À leur arrivée dans la
capitale, le petit groupe de chrétiens
consulté décida d'envoyer tout
d'abord Andrianilaina et un autre fidèle
à Tamatave, afin de s'aboucher avec M.
Johns, tandis que Rafaravavy et Razafy se
séparaient : cette dernière
pouvait aller et venir librement, tandis que
Rafaravavy dut se cacher avec le plus grand soin,
enfermée dans une petite
pièce.
Au bout de quinze jours, pourtant, elle
faillit tomber entre les mains des
émissaires royaux. Un beau jour, quinze
à vingt envoyés de la Reine
envahirent la maison où elle se trouvait, la
souveraine ayant manifesté l'intention
d'acheter l'immeuble. Ils parcoururent toutes les
pièces et parvinrent à la fin
à celle où se
cachait Rafaravavy ; ils ouvrirent la
porte : Rafaravavy la referma vivement. Le
propriétaire de l'immeuble devint
blême de terreur. Les envoyés de la
Reine s'en aperçurent et se
murmurèrent l'un à l'autre.
« C'est là sûrement qu'il a
enfermé son idole. » Ils se
retirèrent alors un instant pour permettre
au propriétaire, dirent-ils, de faire sortir
son amulette. Rafaravavy profita de ce court
instant pour enjamber la fenêtre et le mur
d'enceinte de la case. Les visiteurs revinrent
jeter un coup d'oeil dans la pièce qui
renfermait l'idole, mais celle-ci n'y était
plus, elle s'était enfuie.
Rasoamaka, Ratsarahomba et
Andrianomanana étaient toujours dans leurs
bois : ils n'avaient pas tellement à
redouter les espions que la famine. Ils finirent
donc par revenir en ville chercher des vivres.

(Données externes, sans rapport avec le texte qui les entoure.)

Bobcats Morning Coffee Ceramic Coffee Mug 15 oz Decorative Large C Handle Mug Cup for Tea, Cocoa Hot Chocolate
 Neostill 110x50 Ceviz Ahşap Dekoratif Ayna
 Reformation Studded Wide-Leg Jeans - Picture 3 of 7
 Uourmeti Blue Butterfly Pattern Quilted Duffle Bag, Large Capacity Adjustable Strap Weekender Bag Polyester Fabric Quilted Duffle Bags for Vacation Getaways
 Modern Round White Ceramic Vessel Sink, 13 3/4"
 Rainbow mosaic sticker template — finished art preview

Là, ils apprirent, eux aussi, la
présence de M. Johns à Tamatave et la
mission confiée à
Andrianilaina : ils ne cherchèrent pas
à repartir vers Ambatomanga, mais
attendirent le résultat des démarches
engagées.
Andrianilaina put rencontrer M. Johns
et, après avoir tenu conseil, ils
décidèrent de faire remonter à
Tananarive l'autre chrétien descendu avec
Andrianilaina, de façon à faire
descendre ceux qui pourraient venir. Andrianilaina,
pendant ce temps, se réfugia chez un certain
Ramiandrahasina, chrétien natif d'Ilafy, et
l'un des principaux fonctionnaires hova de
Tamatave.
Après l'arrivée à
Tananarive de l'envoyé dont il vient
d'être question, une nuit de la fin de
septembre 1838, un petit groupe
de chrétiens se réunit dans la maison
de l'un d'eux, afin de faire leurs adieux à
ceux qui partaient : Rafaravavy Marie, Sarah
Razafy, femme d'Andrianilaina, David Ratsarahomba,
Siméon Andrianomanana et Joseph
Rasoamaka.
Raminahy, femme de Ratsarahomba,
Razanaka, femme d'Andrianomanana et Rasoa, femme de
Rasoamaka n'eurent pas la force de partir,
n'étant pas encore probablement sur la liste
des proscrits. Pourtant, Raminahy mourut martyr le
9 juillet 1840.
Avant le départ et vers minuit,
Rafaravavy fit les plus grands efforts pour
pénétrer dans la maison où
l'on avait enfermé Andrianantoandro, afin de
lui dire adieu, car ils étaient cousins
germains. Elle parvint à entrer, mais
Andrianantoandro dormait, et elle n'osait pas le
réveiller, de peur d'exciter l'attention des
gardiens. Elle se contenta de lui baiser la main,
puis se sauva. Grand fut le désappointement
du pauvre prisonnier, le lendemain matin, quand il
apprit la visite de sa cousine : il eût
tant désiré contempler son visage.
Ils ne se revirent plus sur la terre. Voici comment
Rafaravavy nota dans son carnet la nouvelle de la
mort de son cousin :
« Londres, 20 Adalo
1839 : Aujourd'hui, j'ai appris le
départ d'Andrianantoandro de Madagascar pour
la vie à venir. »
Les paquets terminés, ils se
mirent tous à genoux et se firent des adieux
mêlés de larmes. Cette
séparation était bien dure pour ceux
qui restaient et bien amère pour ceux qui
partaient. Quitter sa patrie, sa femme,
ses enfants, toute sa
parenté, que c'était cruel !
D'autant plus que c'était une
séparation sans revoir : Basoamaka fut
le seul qui revint en 1861. Comment avoir la force
de dire adieu à une femme bien-aimée,
à de jeunes enfants en pleurs, dans de
pareilles circonstances ? Qu'il dut être
terrible pour Rafaravavy de jeter un dernier regard
sur sa fille, son unique enfant !
Il faisait déjà presque
jour quand ou fut enfin prêt à partir.
Arrivés à Ambohitsiroa, les fugitifs
firent un détour pour passer chez un ami,
Rasoalavavolo, afin de lui demander une lanterne.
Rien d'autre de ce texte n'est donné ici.